Mayor Michael A. Nutter signed Bill No. 110057, which requires certain City service contractors to offer the same benefits to the life partners of their employees as are offered to the spouses of married employees. Bill No. 110057, or the Equal Benefits Bill, will take effect July 1, 2012. Councilwoman Blondell Reynolds Brown, Rue Landau, Executive Director of the Philadelphia Commission on Human Relations and Gloria Casarez, Director of the Office of Lesbian, Gay, Bi-Sexual and Transgender Affairs were also present for the bill signing.
“For 13 years, City employees have been eligible to receive benefits for their life partners. The Equal Benefits Bill is a natural extension of that recognition,” said Mayor Nutter. “The City of Philadelphia is an ally to the LGBT community and will continue to show support against issues of inequality.”

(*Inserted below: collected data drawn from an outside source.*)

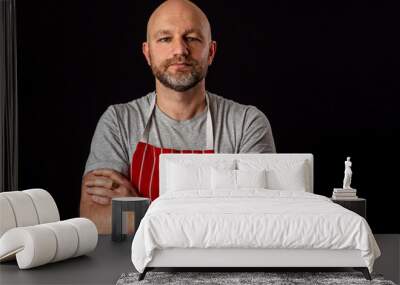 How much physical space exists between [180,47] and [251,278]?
3069 mm

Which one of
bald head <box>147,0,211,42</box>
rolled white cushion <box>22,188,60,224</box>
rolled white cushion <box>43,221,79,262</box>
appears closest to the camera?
rolled white cushion <box>43,221,79,262</box>

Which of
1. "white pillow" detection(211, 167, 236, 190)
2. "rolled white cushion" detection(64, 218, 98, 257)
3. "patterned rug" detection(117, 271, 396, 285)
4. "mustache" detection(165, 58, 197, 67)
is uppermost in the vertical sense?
"mustache" detection(165, 58, 197, 67)

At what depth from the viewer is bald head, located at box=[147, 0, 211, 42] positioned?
304 inches

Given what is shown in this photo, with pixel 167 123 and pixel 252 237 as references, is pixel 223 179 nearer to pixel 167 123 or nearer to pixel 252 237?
pixel 167 123

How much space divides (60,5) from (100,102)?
3.67 ft

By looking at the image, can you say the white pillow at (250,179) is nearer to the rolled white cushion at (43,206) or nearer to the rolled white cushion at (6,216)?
the rolled white cushion at (43,206)

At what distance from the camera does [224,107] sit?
25.7 feet

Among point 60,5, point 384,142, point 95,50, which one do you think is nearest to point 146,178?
point 95,50

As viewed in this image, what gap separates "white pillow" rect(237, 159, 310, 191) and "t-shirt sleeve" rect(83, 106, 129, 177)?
3.99ft

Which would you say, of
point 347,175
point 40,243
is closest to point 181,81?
point 347,175

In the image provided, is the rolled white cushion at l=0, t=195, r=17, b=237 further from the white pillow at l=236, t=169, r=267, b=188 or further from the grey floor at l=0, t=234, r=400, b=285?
the white pillow at l=236, t=169, r=267, b=188

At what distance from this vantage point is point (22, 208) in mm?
6027

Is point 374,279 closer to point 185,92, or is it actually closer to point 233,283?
point 233,283

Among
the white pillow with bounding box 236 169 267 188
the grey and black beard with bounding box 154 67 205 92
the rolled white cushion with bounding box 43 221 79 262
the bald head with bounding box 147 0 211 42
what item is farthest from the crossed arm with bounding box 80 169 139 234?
the rolled white cushion with bounding box 43 221 79 262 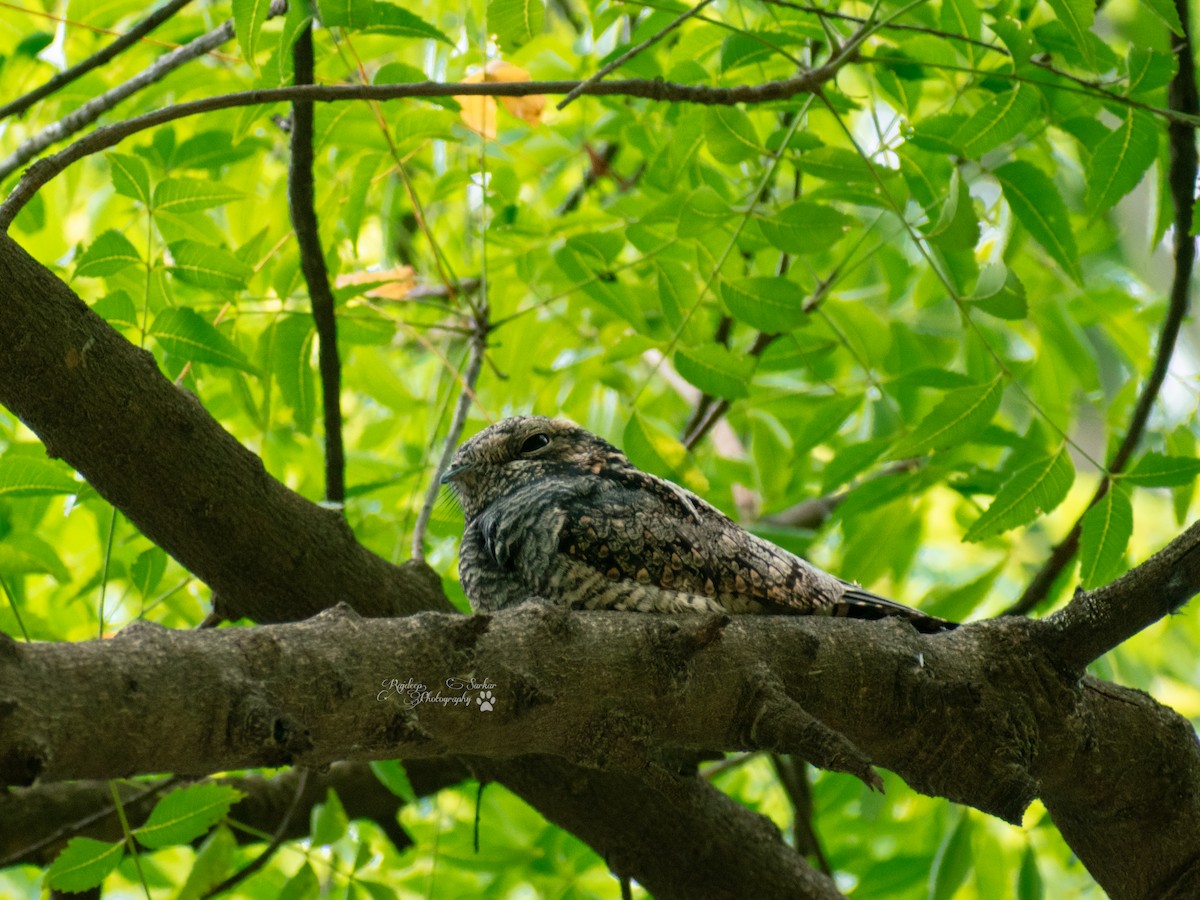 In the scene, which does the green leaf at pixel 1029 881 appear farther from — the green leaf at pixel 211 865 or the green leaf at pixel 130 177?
the green leaf at pixel 130 177

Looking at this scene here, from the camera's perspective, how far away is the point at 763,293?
10.2 feet

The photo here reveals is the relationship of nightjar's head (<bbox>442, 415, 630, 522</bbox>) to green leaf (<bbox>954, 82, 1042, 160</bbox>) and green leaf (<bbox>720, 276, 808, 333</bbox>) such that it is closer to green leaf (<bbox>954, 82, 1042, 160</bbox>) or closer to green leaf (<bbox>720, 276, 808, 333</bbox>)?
green leaf (<bbox>720, 276, 808, 333</bbox>)

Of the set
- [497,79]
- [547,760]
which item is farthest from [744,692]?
[497,79]

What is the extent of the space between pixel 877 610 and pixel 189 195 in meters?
2.13

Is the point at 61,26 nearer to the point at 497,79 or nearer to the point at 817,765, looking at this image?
the point at 497,79

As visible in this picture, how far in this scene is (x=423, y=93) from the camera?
2711mm

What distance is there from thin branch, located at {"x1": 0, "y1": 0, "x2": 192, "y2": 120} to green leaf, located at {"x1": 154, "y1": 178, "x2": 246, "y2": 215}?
21.6 inches

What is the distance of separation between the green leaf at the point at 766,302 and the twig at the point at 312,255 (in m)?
1.11

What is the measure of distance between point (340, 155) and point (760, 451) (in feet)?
5.85

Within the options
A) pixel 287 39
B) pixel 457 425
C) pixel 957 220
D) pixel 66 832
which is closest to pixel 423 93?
pixel 287 39

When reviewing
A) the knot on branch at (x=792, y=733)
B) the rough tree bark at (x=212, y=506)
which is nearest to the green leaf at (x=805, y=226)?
the knot on branch at (x=792, y=733)

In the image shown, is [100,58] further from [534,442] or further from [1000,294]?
[1000,294]

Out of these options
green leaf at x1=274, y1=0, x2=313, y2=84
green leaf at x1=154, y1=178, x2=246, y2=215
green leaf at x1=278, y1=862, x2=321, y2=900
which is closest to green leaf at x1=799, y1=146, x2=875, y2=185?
green leaf at x1=274, y1=0, x2=313, y2=84

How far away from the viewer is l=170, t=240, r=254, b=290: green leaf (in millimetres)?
2928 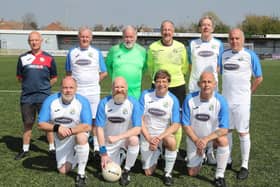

The bill provides that contractors, who enter into a service contract with the City of Philadelphia for an amount of $250,000 or more, must extend the same employment benefits to the life partner of employees as it does to the spouses of employees. In order to be eligible for equal benefits, employees must meet the standard of proof for a life partnership.
Councilwoman Blondell Reynolds Brown, who introduced the legislation, said, “In the 21st Century, the battle for equal rights needs to end with equality being the victor. With the enactment of this bill we have taken one more important step to ensure that all Philadelphians who are ‘created equal’ are treated equal. Judging one’s employment benefits due to the gender of their life partner is not acceptable in this day and age. Period. We have changed that standard through the Equal Benefits Bill.”
“The purpose of the law is simple – equal treatment,” explained Rue Landau. “Its passage would fall in line with the strong history of commitment the City has to promoting equality for LGBT community.”
Each eligible City service contractor must notify all employees of this extended benefit provision. If a City service contractor does not comply with the provisions, the City will find the contract breach. As a result, the contractor may be suspended or debarred from bidding on or participating in City contracts for up to three years. Under certain circumstances, the City of Philadelphia can exempt a service contractor from compliance.